- Problem to work on:
Repeat exactly the lines below that lie between the line with "Kurcias & Alhante CPAs page" and the line with "NS200 Full Wrap Modification in Sri Lanka", counting both of those lines as part of the answer.

*** Opening of Study material ***

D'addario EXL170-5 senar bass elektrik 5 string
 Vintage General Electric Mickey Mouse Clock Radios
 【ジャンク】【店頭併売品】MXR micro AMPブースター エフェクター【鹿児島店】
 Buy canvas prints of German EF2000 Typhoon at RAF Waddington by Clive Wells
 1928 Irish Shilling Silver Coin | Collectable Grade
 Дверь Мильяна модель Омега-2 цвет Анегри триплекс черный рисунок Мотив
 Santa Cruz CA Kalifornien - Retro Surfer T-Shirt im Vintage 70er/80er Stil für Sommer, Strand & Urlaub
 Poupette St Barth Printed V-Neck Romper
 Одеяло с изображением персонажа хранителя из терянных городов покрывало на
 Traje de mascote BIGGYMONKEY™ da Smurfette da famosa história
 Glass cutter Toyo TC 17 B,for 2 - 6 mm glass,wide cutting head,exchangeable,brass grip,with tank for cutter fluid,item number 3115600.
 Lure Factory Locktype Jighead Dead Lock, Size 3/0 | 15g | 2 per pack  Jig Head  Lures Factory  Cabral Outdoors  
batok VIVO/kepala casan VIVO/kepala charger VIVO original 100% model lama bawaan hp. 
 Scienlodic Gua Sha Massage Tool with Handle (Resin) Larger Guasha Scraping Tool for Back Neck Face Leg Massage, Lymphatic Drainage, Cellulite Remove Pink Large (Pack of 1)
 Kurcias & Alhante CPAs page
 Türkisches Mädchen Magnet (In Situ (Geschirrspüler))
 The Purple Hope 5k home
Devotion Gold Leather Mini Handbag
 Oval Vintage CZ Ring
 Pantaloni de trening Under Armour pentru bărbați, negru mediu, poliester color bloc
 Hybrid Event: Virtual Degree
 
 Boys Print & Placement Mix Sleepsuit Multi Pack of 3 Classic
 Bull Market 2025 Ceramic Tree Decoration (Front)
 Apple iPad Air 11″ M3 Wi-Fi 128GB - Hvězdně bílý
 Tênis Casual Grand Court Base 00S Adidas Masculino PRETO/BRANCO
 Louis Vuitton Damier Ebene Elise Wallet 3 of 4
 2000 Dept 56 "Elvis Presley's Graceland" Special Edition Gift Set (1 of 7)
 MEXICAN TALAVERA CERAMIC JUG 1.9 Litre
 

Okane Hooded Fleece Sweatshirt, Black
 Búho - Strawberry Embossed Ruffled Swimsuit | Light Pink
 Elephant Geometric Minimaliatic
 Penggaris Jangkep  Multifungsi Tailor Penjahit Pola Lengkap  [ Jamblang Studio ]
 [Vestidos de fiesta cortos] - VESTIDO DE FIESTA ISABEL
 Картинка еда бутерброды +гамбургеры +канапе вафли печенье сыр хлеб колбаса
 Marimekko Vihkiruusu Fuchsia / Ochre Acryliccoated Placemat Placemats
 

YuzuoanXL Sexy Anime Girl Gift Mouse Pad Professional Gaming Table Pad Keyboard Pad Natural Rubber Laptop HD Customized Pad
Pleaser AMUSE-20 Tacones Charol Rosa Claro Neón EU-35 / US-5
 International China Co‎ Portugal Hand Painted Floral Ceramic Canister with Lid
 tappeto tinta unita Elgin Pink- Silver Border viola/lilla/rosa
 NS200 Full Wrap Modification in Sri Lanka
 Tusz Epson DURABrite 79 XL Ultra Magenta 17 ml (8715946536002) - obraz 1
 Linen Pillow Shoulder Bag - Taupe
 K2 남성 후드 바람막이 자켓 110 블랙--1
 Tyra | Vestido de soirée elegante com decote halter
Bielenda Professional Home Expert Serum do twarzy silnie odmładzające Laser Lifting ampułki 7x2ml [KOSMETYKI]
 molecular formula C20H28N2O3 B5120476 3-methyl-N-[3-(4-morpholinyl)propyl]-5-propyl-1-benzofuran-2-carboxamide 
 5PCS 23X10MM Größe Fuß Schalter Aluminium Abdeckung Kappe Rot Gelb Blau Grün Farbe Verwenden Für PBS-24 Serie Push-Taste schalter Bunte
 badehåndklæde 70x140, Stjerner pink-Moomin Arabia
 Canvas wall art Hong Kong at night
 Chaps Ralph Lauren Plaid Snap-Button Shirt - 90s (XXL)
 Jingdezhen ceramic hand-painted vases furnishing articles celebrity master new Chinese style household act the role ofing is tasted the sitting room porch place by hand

*** Close of Study material ***

- Result of the task:
 Kurcias & Alhante CPAs page
 Türkisches Mädchen Magnet (In Situ (Geschirrspüler))
 The Purple Hope 5k home
Devotion Gold Leather Mini Handbag
 Oval Vintage CZ Ring
 Pantaloni de trening Under Armour pentru bărbați, negru mediu, poliester color bloc
 Hybrid Event: Virtual Degree
 
 Boys Print & Placement Mix Sleepsuit Multi Pack of 3 Classic
 Bull Market 2025 Ceramic Tree Decoration (Front)
 Apple iPad Air 11″ M3 Wi-Fi 128GB - Hvězdně bílý
 Tênis Casual Grand Court Base 00S Adidas Masculino PRETO/BRANCO
 Louis Vuitton Damier Ebene Elise Wallet 3 of 4
 2000 Dept 56 "Elvis Presley's Graceland" Special Edition Gift Set (1 of 7)
 MEXICAN TALAVERA CERAMIC JUG 1.9 Litre
 

Okane Hooded Fleece Sweatshirt, Black
 Búho - Strawberry Embossed Ruffled Swimsuit | Light Pink
 Elephant Geometric Minimaliatic
 Penggaris Jangkep  Multifungsi Tailor Penjahit Pola Lengkap  [ Jamblang Studio ]
 [Vestidos de fiesta cortos] - VESTIDO DE FIESTA ISABEL
 Картинка еда бутерброды +гамбургеры +канапе вафли печенье сыр хлеб колбаса
 Marimekko Vihkiruusu Fuchsia / Ochre Acryliccoated Placemat Placemats
 

YuzuoanXL Sexy Anime Girl Gift Mouse Pad Professional Gaming Table Pad Keyboard Pad Natural Rubber Laptop HD Customized Pad
Pleaser AMUSE-20 Tacones Charol Rosa Claro Neón EU-35 / US-5
 International China Co‎ Portugal Hand Painted Floral Ceramic Canister with Lid
 tappeto tinta unita Elgin Pink- Silver Border viola/lilla/rosa
 NS200 Full Wrap Modification in Sri Lanka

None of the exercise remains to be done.